Valparaiso held an 11 point halftime lead, only to see Wright State climb back into the game and lead for a significant portion of the second half. Visions of last year’s come-from-behind Detroit victory over Valpo in the title game began to creep into the heads of Crusader fans. However, experience prevailed this time around as the senior-filled Crusaders pulled away from the senior-less Raiders down the stretch.
“I thought the guys really dug deep,” head coach Bryce Drew said. “The last five minutes may be the best five minutes that we’ve played all year.”
After facing a six point deficit with five minutes, 37 seconds remaining, the Crusaders went on a 16-0 run to tie the game, take the lead and break it wide open, all in one fell swoop.
Erik Buggs powered the Valparaiso offense with 22 points en route to earning the Horizon League Tournament Most Valuable Player distinction. Ryan Broekhoff swished a critical three with 1:49 left in regulation to build the lead to four and provide an encore for his Saturday night heroics, a buzzer-beating three to lift Valpo over Green Bay.
Broekhoff, who joined Buggs on the All-Tournament team, scuffled from the field for most of the contest, but maintained the confidence to take a meaningful shot.
“The team and the coaches all came up to me and said, ‘Keep shooting, we want you to keep shooting,’” Broekhoff said. “The shot just before I got really going was just a little bit short. I shot it and kind of held the follow through as long as possible and prayed it went in.”
The Crusaders will find out their next opponent this Sunday, which is “Selection Sunday.” Buggs said he has been watching Selection Sunday ever since he could pick up a basketball. This year he will be watching closer than ever before.
“It just means a lot,” Buggs said. “Just getting over that hump and getting to the NCAA. This not only means a lot to me, but it means a lot to get my brothers (teammates) to do this. It’s just living the dream right now.”
Drew, who played in the 1998 NCAA Tournament as a member of the Crusaders, does not believe that his team will need much advice on how to handle the biggest stage.

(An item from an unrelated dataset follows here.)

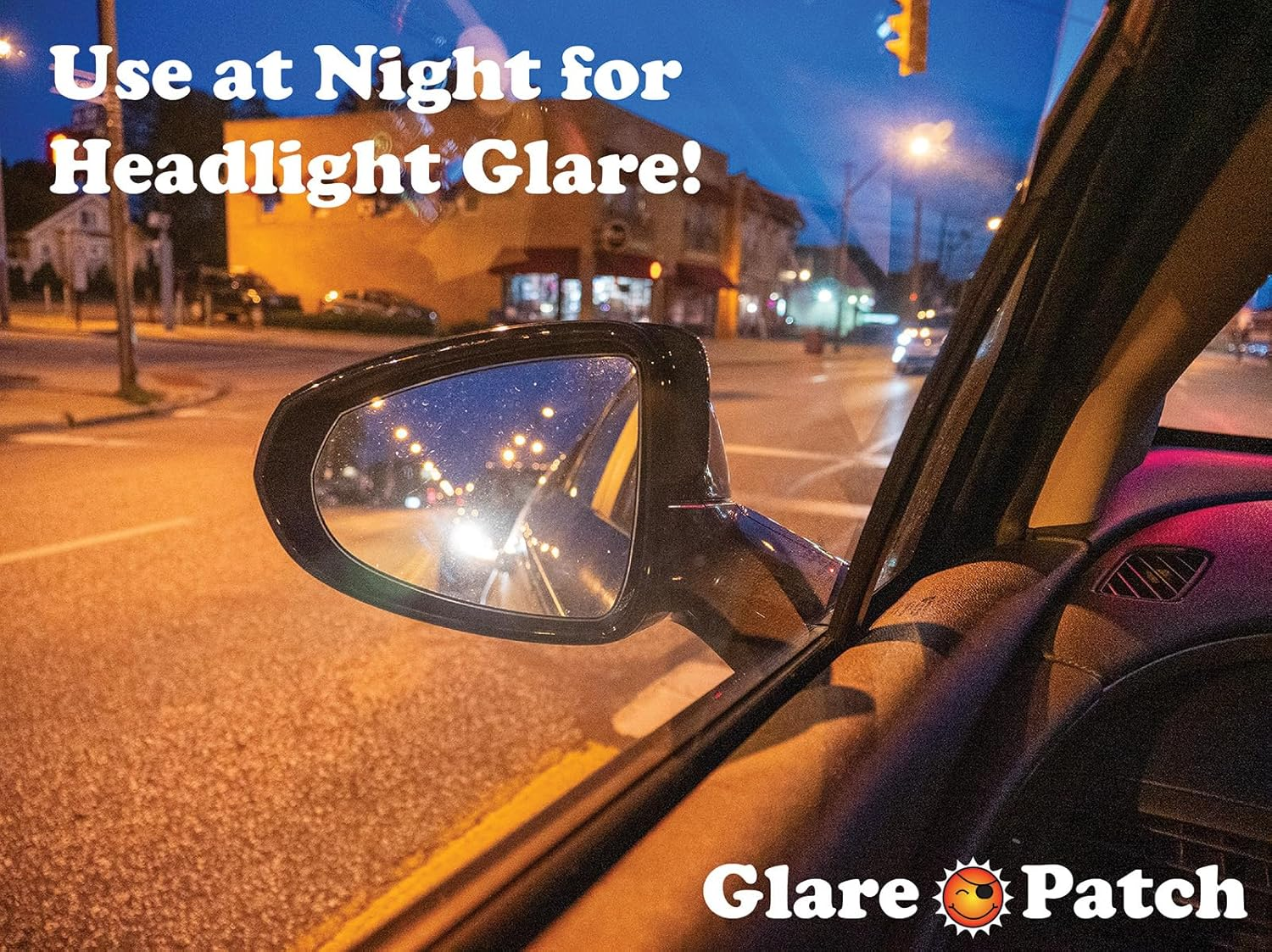 Glare Patch - a Miniature Sunshade! Use to Block Sun and Light Glare While Driving in Your Car. Pack of 2 with Included Case image number 1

“We have a lot of experience,” he said. “I’m not a coach that sits and talks about what I’ve done or my experiences. It’s about them, it’s about the moment. We’ll just have to see how they respond to practice.”
Wright State kept itself in the game by forcing 25 Valparaiso turnovers. The Raiders outscored the Crusaders 24-8 in points off turnovers and 31-7 in bench scoring.

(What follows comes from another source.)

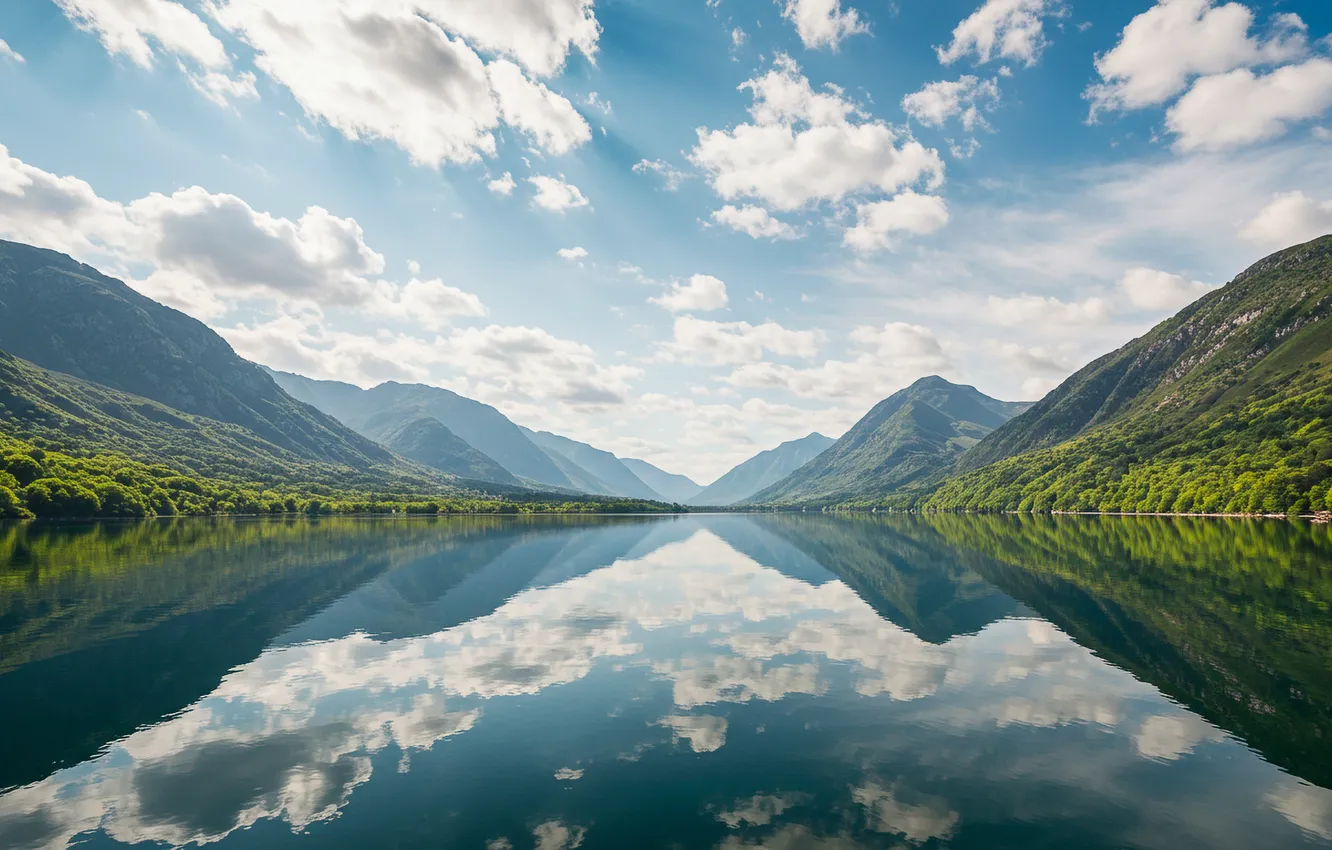 Photo wallpaper the sky, mountains, lake, art, cloud.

“I thought Wright State played great defense,” Drew said. “I think a lot of that was just the excitement of the game and wanting to win so bad that they (the Crusaders) were making bad decisions.”
Drew did not make any substitutions over the final 10 minutes, instead electing to ride his five senior starters until the end.
“I really just wanted to give those five a chance to win it or lose it,” he said. “Those five deserved the chance to decide the game.”
After the game, with a large contingent of Valparaiso fans in a ruckus, the Horizon League Champion Crusaders received their trophy and cut down the nets. For the six seniors, this moment was the culmination of four years of effort.
“This means everything,” Broekhoff said. “Obviously, the personal accolades are fantastic, but this is what we put in four hard years for. This is why we go to practice every day. We grind it out. We’ve worked hard in the offseason and during the season and all of that work is for this moment right now. We found a way. That’s what’s been amazing about this team. We find a way.”